*** DATASET Section Begins ***

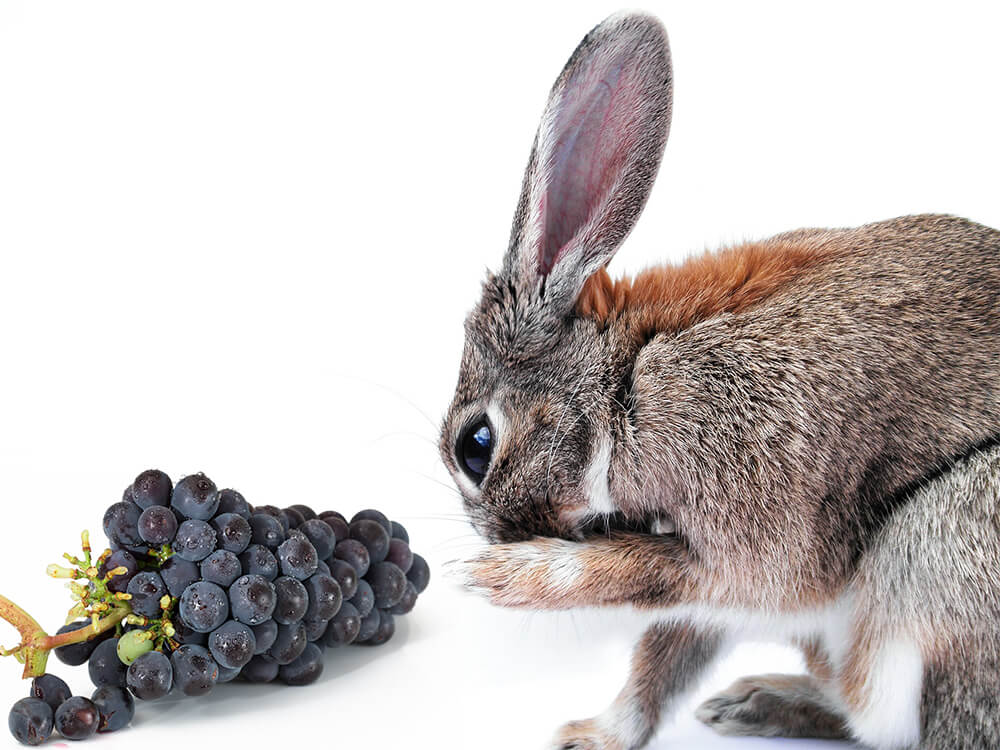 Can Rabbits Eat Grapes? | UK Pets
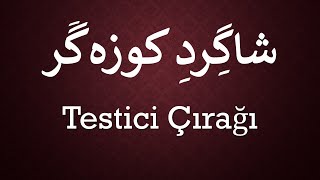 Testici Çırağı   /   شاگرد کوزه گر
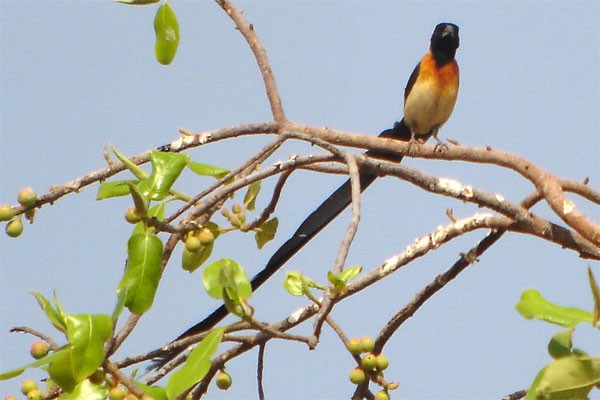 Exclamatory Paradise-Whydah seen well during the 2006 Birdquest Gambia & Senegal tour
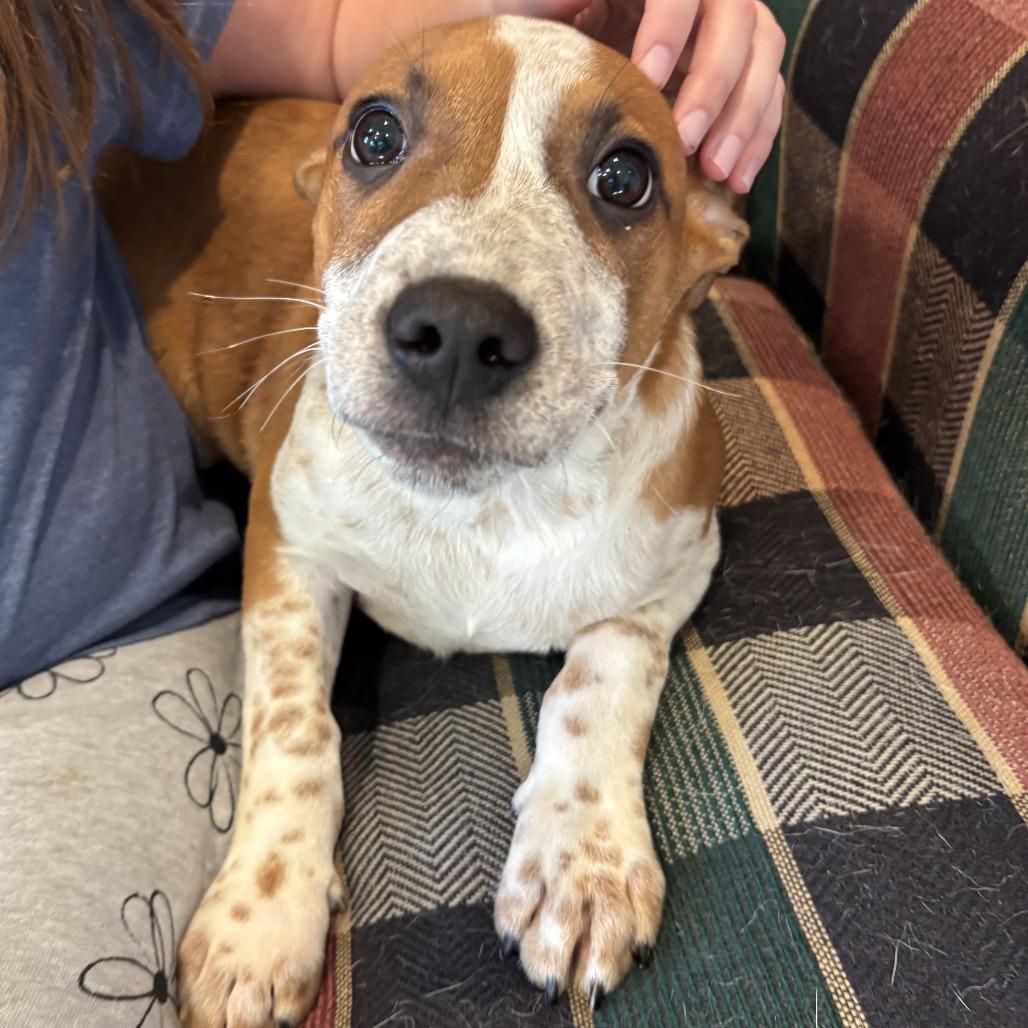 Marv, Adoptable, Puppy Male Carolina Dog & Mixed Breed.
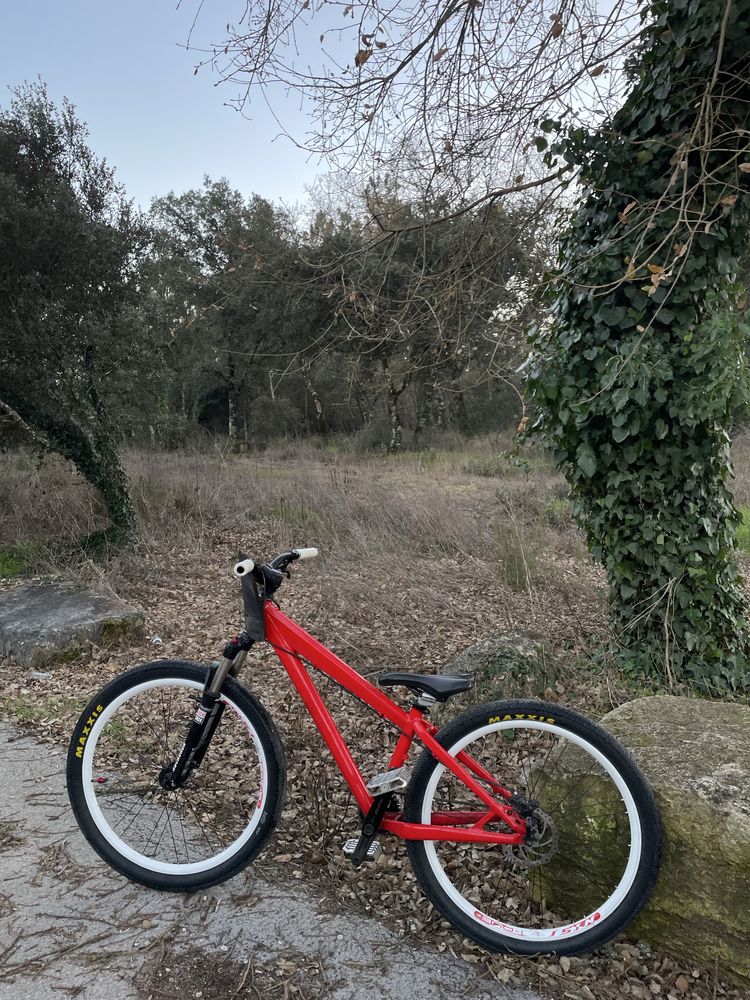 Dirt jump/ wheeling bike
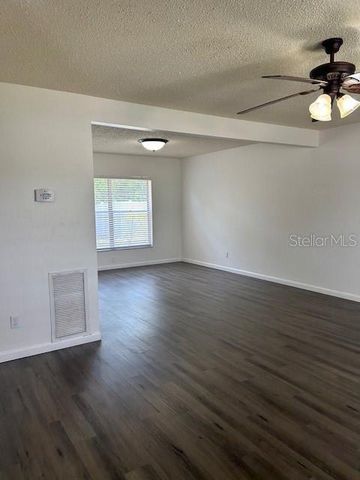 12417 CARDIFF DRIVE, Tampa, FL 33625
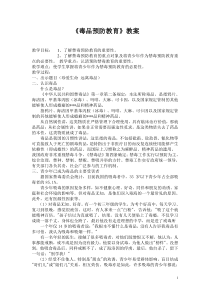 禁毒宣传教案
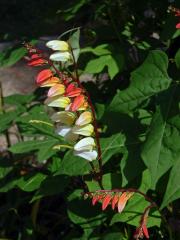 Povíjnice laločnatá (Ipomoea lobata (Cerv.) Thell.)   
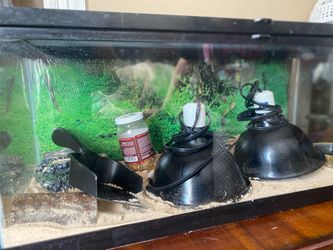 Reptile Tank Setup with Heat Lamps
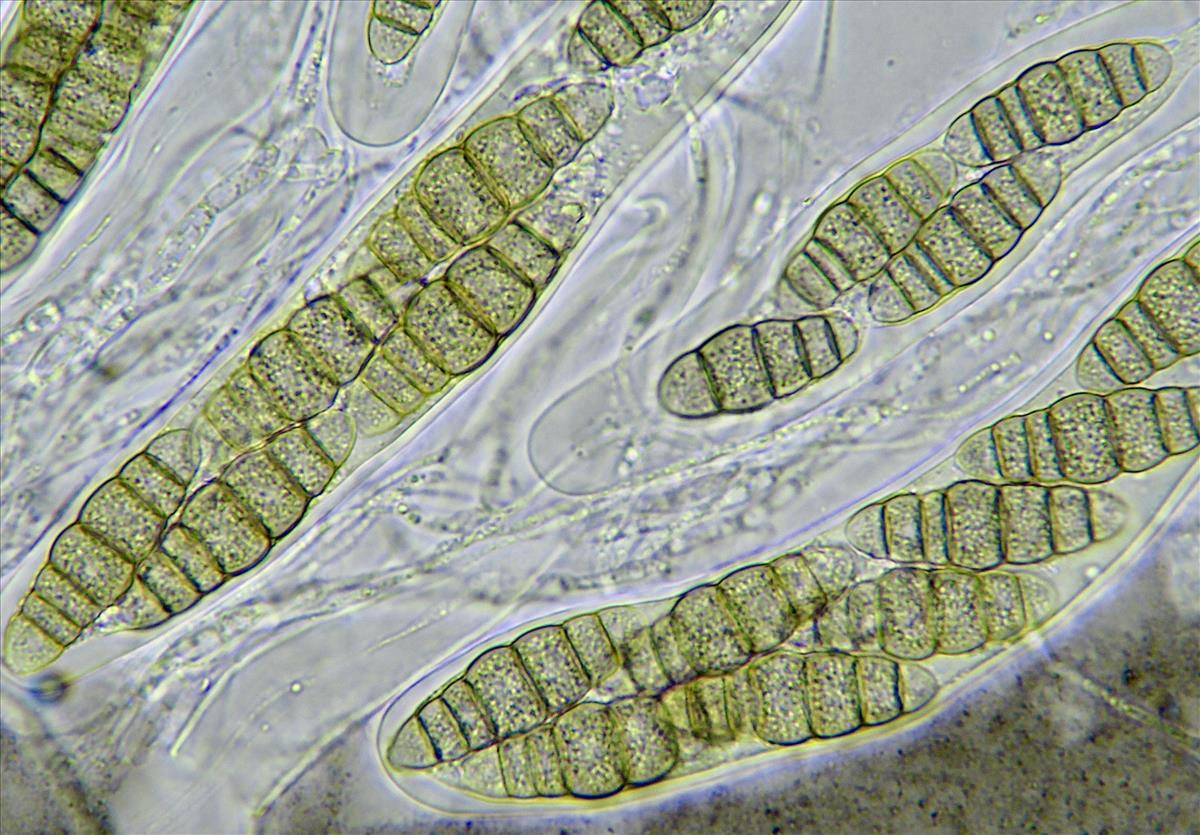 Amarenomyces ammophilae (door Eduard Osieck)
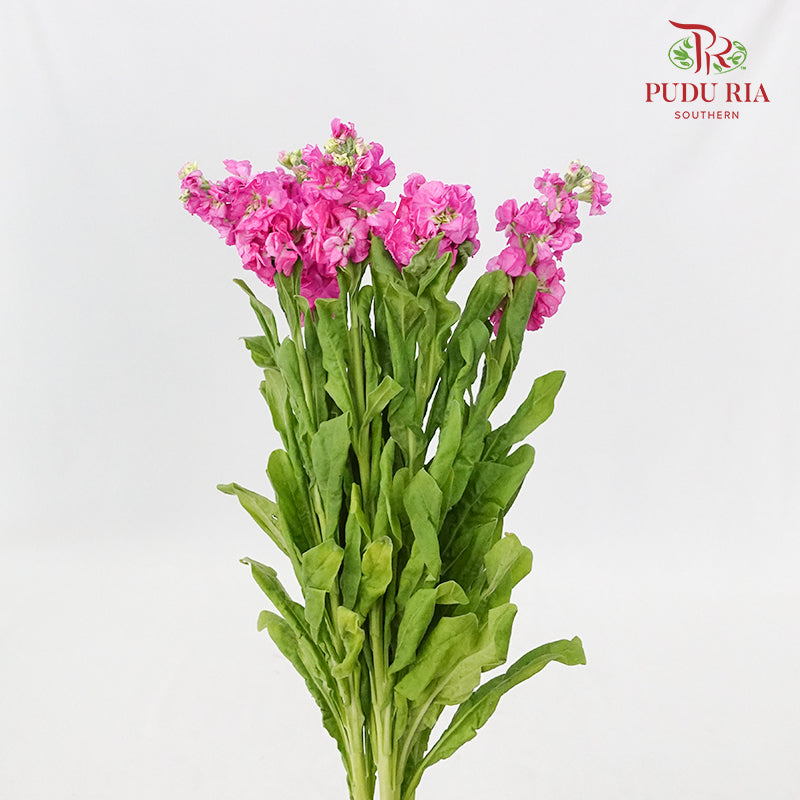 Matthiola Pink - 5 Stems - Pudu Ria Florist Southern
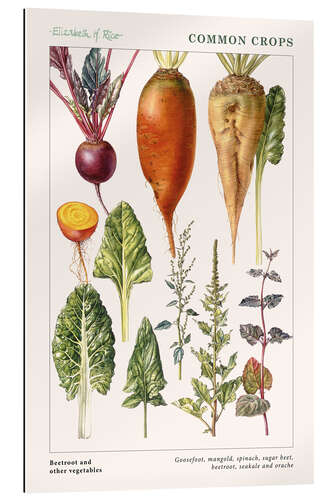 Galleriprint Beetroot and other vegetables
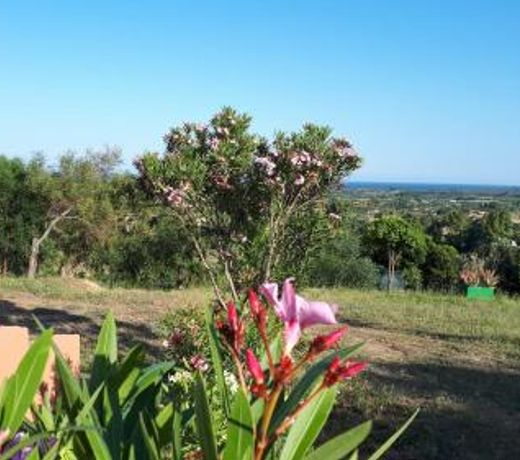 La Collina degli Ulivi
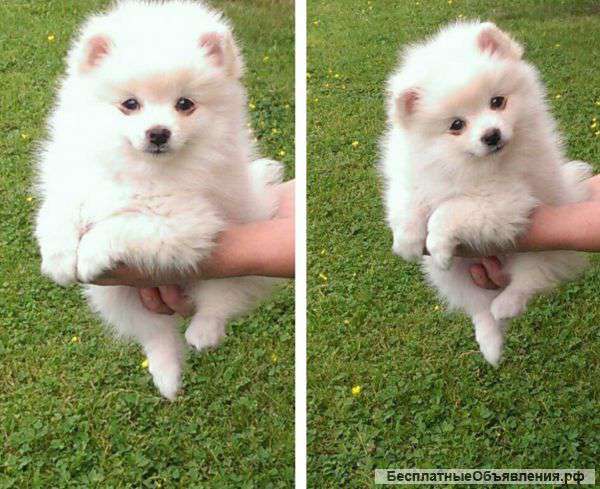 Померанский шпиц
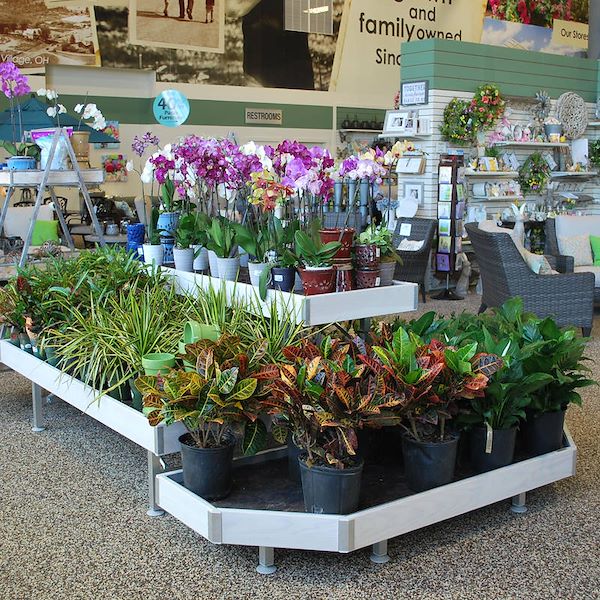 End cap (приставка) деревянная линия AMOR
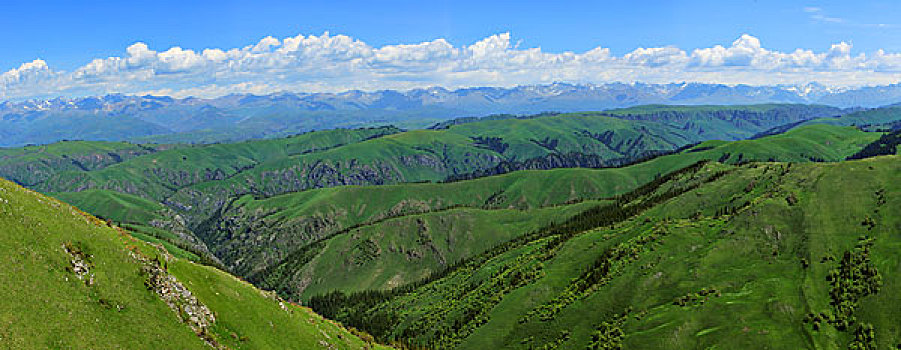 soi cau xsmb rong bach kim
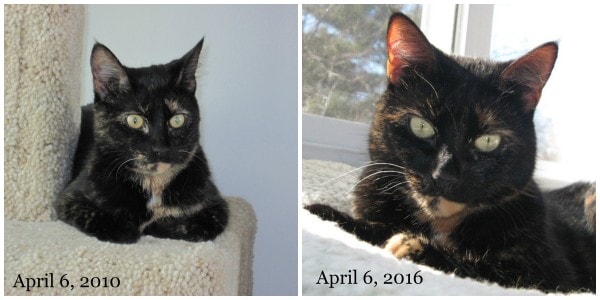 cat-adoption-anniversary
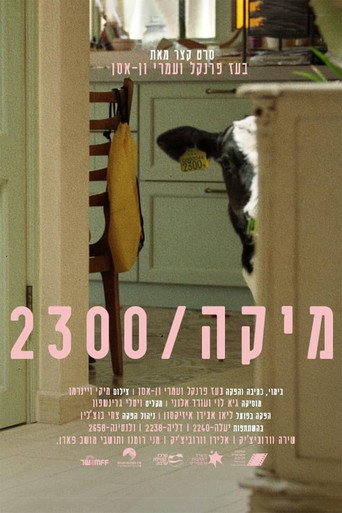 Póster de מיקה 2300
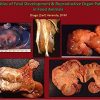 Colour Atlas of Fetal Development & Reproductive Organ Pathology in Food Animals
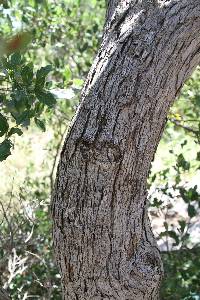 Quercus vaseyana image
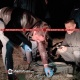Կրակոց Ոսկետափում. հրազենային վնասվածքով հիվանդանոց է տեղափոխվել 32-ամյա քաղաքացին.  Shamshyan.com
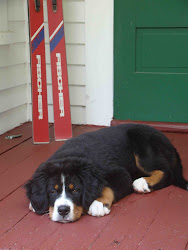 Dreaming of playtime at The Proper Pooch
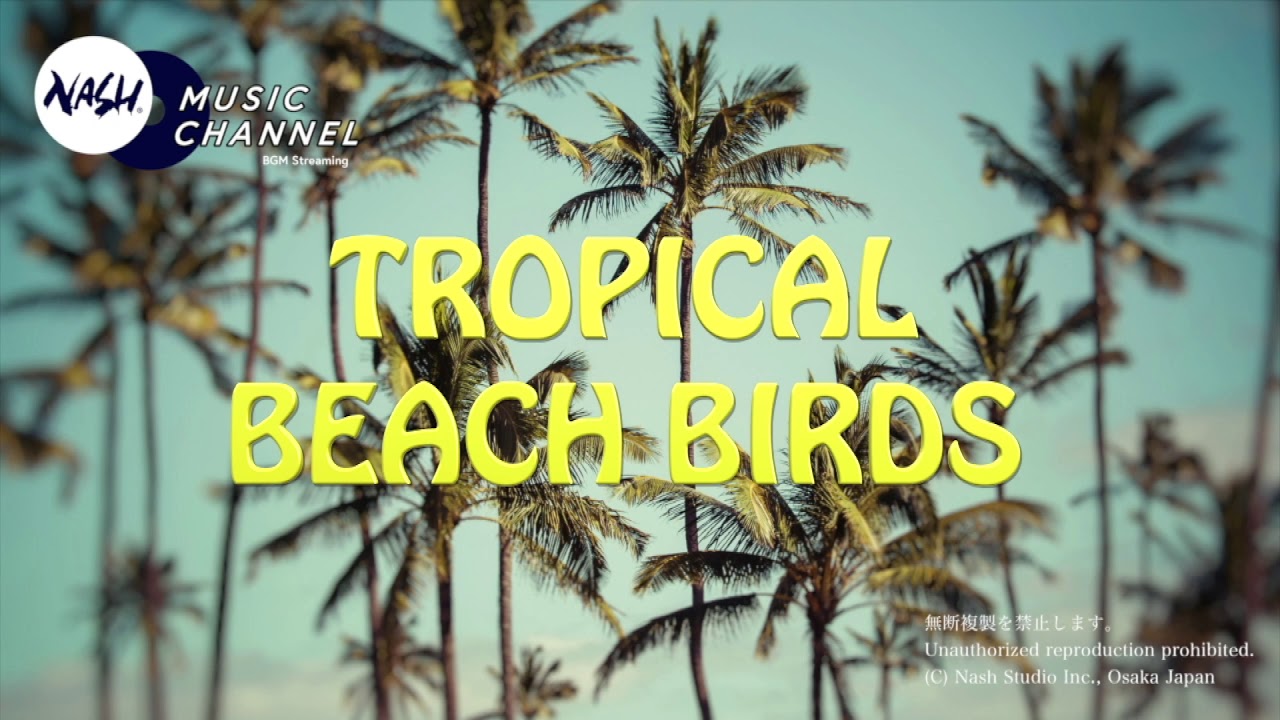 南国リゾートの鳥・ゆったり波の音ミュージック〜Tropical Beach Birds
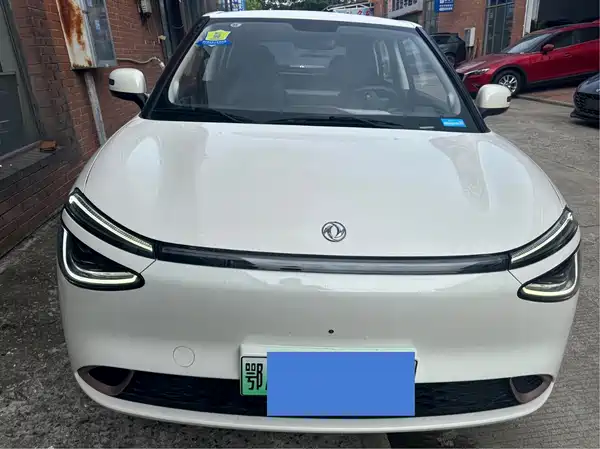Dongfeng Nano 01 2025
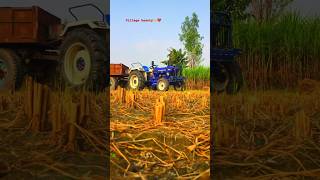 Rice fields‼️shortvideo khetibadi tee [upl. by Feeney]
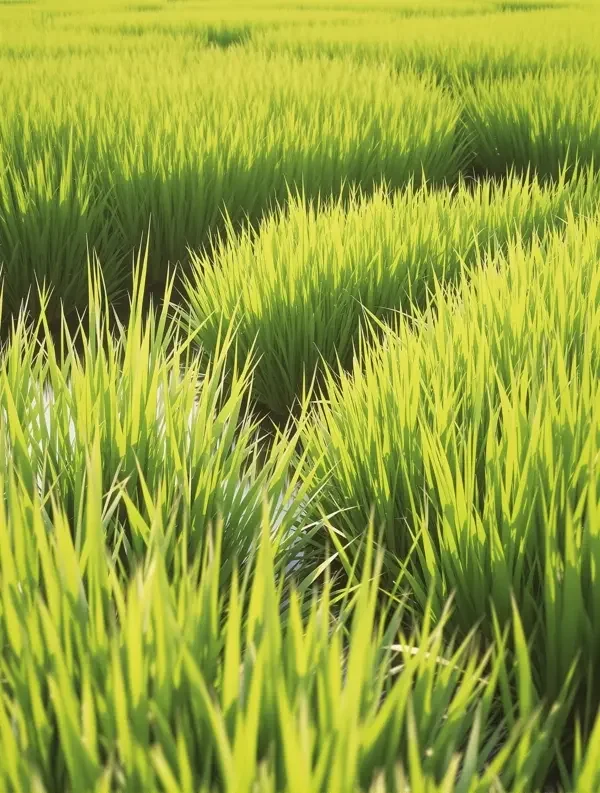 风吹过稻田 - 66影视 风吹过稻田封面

*** DATASET Section Ends ***

• [WHAT TO WORK ON] Look through the listing above for the line with "Померанский шпиц" and the line with "Dreaming of playtime at The Proper Pooch". Write out exactly those lines and everything between, leaving out pictures.

• [TASK RESPONSE]
 Померанский шпиц
 End cap (приставка) деревянная линия AMOR
 soi cau xsmb rong bach kim
 cat-adoption-anniversary
 Póster de מיקה 2300
 Colour Atlas of Fetal Development & Reproductive Organ Pathology in Food Animals
 Quercus vaseyana image
Կրակոց Ոսկետափում. հրազենային վնասվածքով հիվանդանոց է տեղափոխվել 32-ամյա քաղաքացին.  Shamshyan.com
 Dreaming of playtime at The Proper Pooch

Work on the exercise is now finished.